What is a "direct measure" of student learning?
Direct measures assess student performance of identified learning outcomes, such as mastery of a lifelong skill. They require standards of performance. Examples of direct assessments are: pre/post test; course-embedded questions; standardized exams; portfolio evaluation; videotape/audiotape of performance; capstone course evaluation.
What is an "indirect measure" of student learning?
Indirect measures assess opinions or thoughts about student knowledge, skills, attitudes, learning experiences, and perceptions. Examples of indirect measures are: student surveys about instruction; focus groups; alumni surveys; employer surveys.

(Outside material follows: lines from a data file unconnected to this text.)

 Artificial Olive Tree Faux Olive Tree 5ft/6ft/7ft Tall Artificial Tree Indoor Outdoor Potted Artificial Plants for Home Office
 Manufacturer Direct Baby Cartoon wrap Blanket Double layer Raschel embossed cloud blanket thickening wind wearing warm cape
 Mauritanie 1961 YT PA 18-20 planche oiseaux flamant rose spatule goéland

Examples of Direct Measures of Student Learning
- Faculty assigned to teach different sections of a ‘gatekeeper’ course in the general education – social and behavioral sciences program agree to assign a final paper that asks students for a comparative analysis of several sociological theories. With the students' permission, the faculty copy the final papers before marking on them, and then give the copies (or a representative or random sample) to the review committee. Three members of the committee score each paper according to guidelines developed by the program.
- Each final exam for every course in a general education – foreign language program requires that students translate selected passages they are unlikely to have seen before. At the end of the academic year, each translation is reviewed by at least two foreign language faculty using the same scoring guide to analyze points of strength and weakness in the translations for each academic class. As they accumulate student translations from year to year, the faculty are able to measure the improvement in the translations that individual students did in their first and second year language courses.

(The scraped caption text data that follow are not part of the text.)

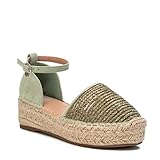 Suela antideslizante XTI 44477, Sandalias Con Cuña Mujer, Caqui (Green), 39 EU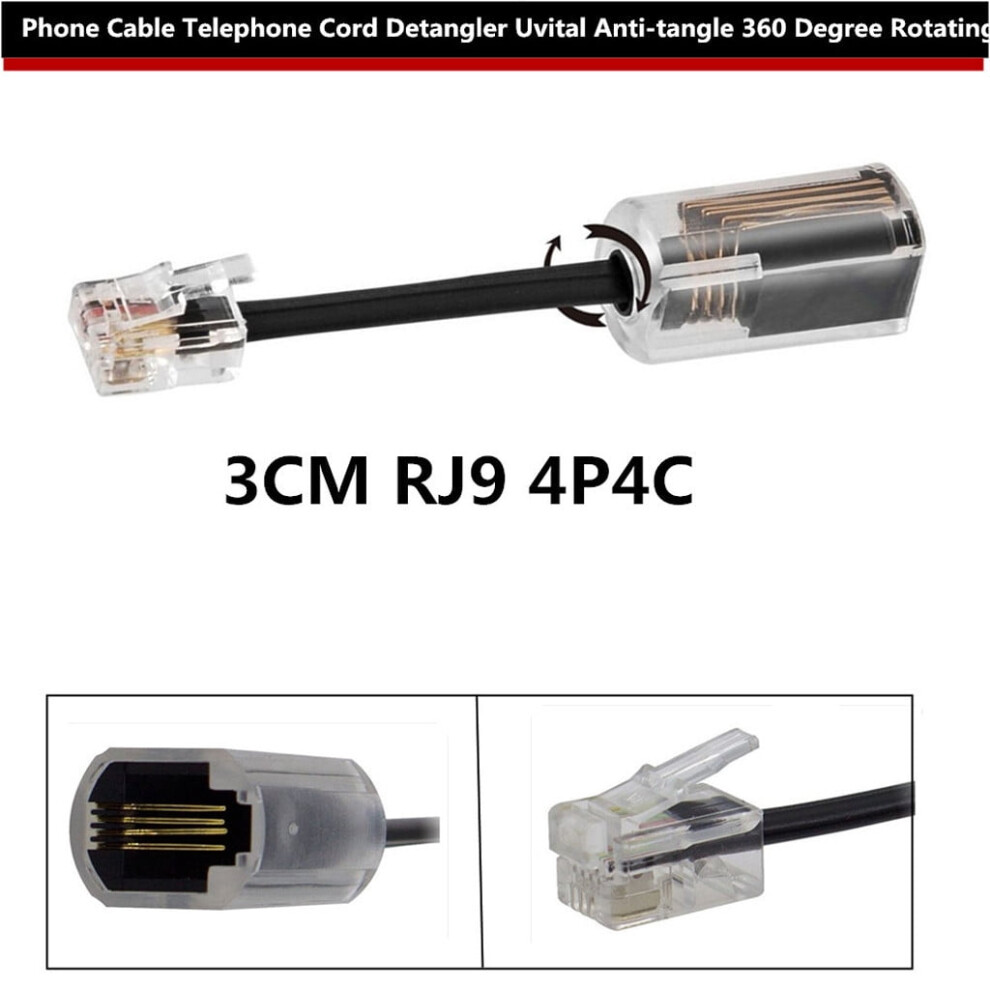 Apmemiss Telephone Cord Detangler, Anti-Tangle Handset Cable With 360 Rotating Swivel, Compatible With Landline Phones 9496895871589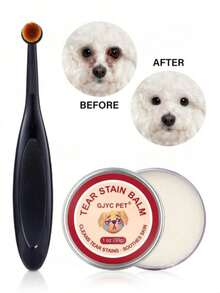 1盎司宠物泪痕预防膏，内含专业刷子，犬猫眼部护理，天然抗泪，温和清洁，有效不刺激（随机发货新旧版本）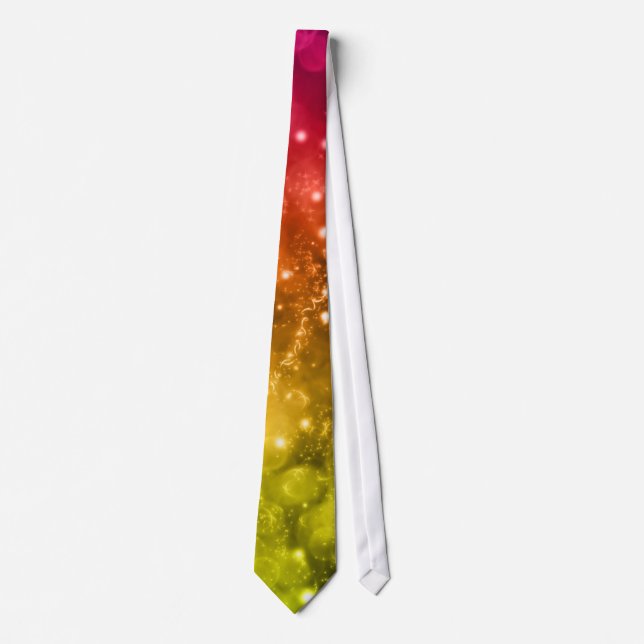 Pink/Red/Orange/Green Bokeh Space Pattern Tie (Front)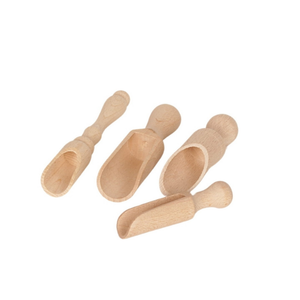 Juego de cucharas de madera de haya, 4 piezas, sin acabado, para especias, harina y sal, venta al por mayor, logotipo personalizado - Product Image 1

- Each year, twenty percent of the papers submitted by students in a program capstone course are randomly selected for assessment and sent to a panel of outside evaluators. The evaluators write comments about the overall quality of the sample, and then select ten papers to discuss in depth. As part of their discussion, the evaluators determine the extent to which each paper reflects the achievement of one or two of the program learning goals, which the program has previously selected, and score them according to guidelines previously developed by the program.
- Students in an occupational program are asked to collect and maintain a portfolio of materials throughout their occupational coursework, and to write a short summary for each course. Specific questions about learning styles and experiences are provided to help guide their reflections. They write a full paper about their experiences in the occupational program, tracing the main themes and content of their learning experience. In addition, each student is asked to design and carry out a research project on a topic that extends their learning experience. Three faculty independently rate the reflective and research papers, using guidelines and specific questions about how the students' performance reflects each of the program's knowledge or skill goals.
- The general education - math program have developed six outcomes for intermediate algebra and eight outcomes for college algebra. A portion of the final exam includes common problems that directly measure the students’ ability to perform the outcome. The problems are used in every intermediate and college algebra course offered. Common grading criteria have also been established and are outlined in the course syllabi.
- A general education - science program includes a set of common questions that measure the course outcomes in the final exam. Instructors are then able to determine overall if the students demonstrate competence, as well as identify areas in which students may be weak.
- An occupational program developed a competence checklist for speech and public speaking that evaluates two presentations students give in the program as well as their interaction in small group activities. Upon evaluating the students’ performance on designated assessment activities, the instructor indicates in the final grade roster – beside the final letter grade – whether or not the student has achieved the competence measured. The program is then able to calculate the percentage of students who were competent in the area assessed. This provides feedback to faculty in the program about where students have a high level of competence and where additional work may be needed.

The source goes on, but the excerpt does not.